### DATA PROVIDED
• • • • •

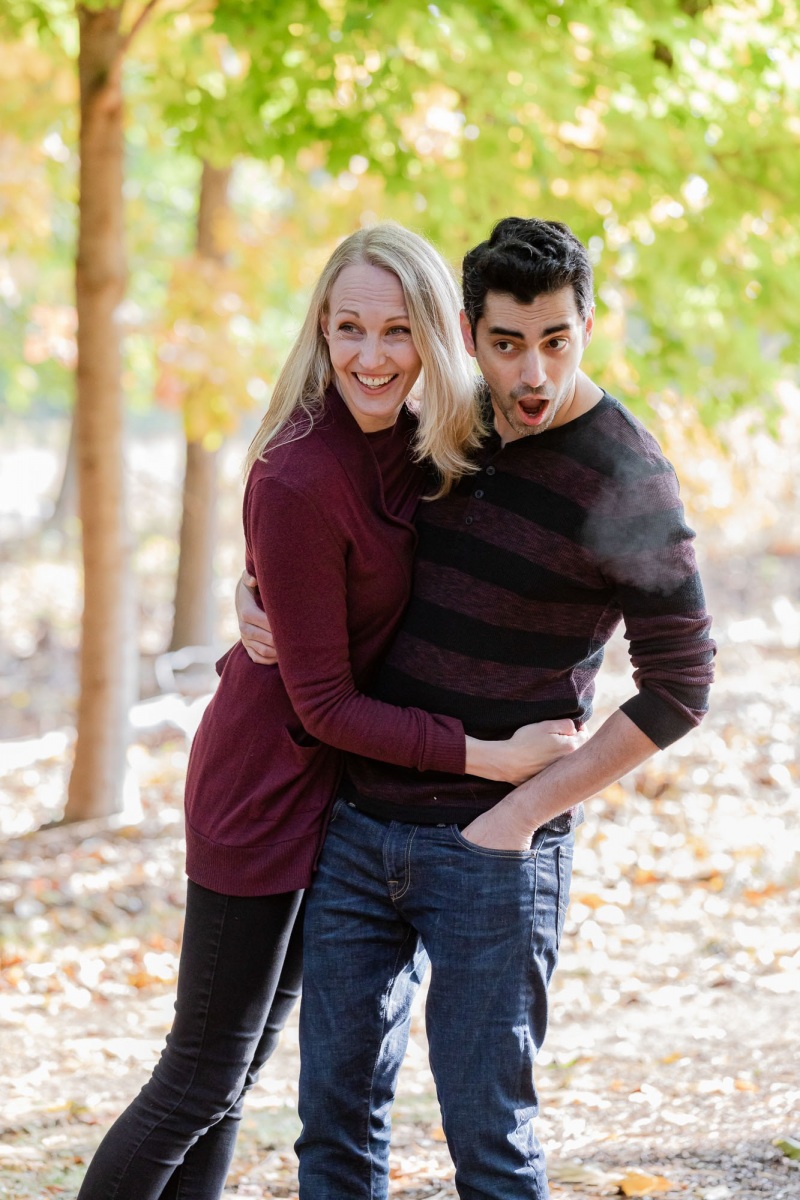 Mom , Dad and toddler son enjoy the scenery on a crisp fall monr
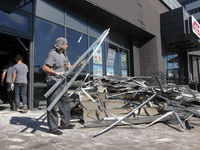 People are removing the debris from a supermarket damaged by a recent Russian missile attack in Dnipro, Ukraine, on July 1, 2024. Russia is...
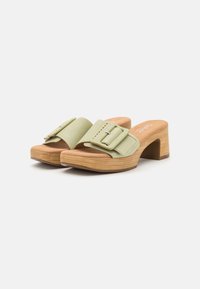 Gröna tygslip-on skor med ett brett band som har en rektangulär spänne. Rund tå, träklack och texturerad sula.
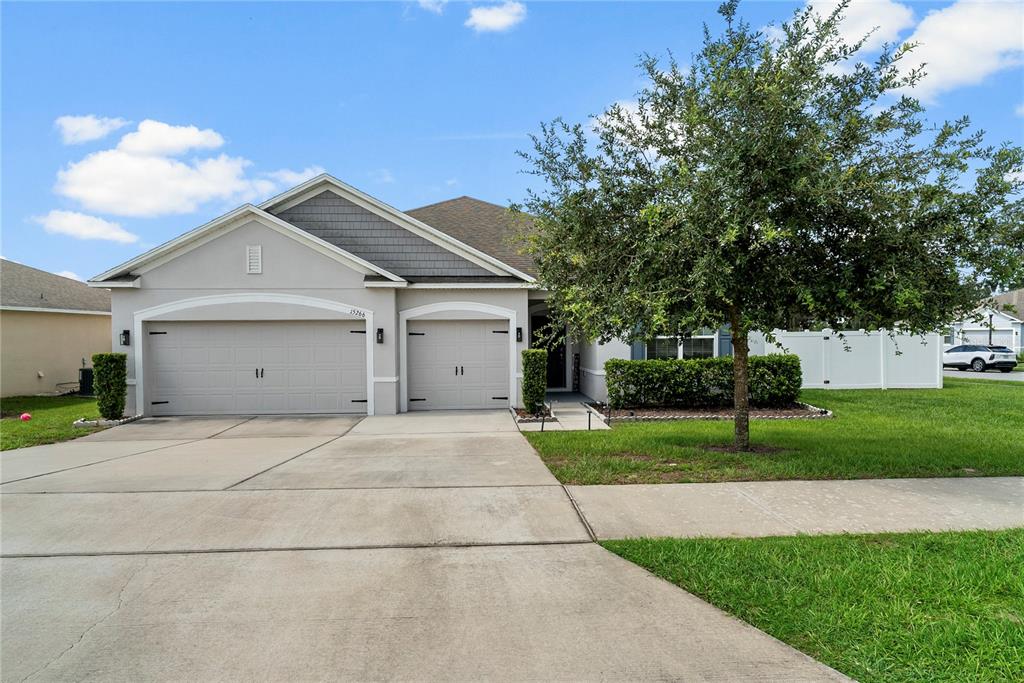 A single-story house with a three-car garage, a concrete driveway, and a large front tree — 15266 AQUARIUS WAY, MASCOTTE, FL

• • • • •

### AIM OF THE TASK
Exactly as written, restate the listing above with its pictures omitted.

### ANSWER TO THIS TASK
 Mom , Dad and toddler son enjoy the scenery on a crisp fall monr
 People are removing the debris from a supermarket damaged by a recent Russian missile attack in Dnipro, Ukraine, on July 1, 2024. Russia is...
 Gröna tygslip-on skor med ett brett band som har en rektangulär spänne. Rund tå, träklack och texturerad sula.
 A single-story house with a three-car garage, a concrete driveway, and a large front tree — 15266 AQUARIUS WAY, MASCOTTE, FL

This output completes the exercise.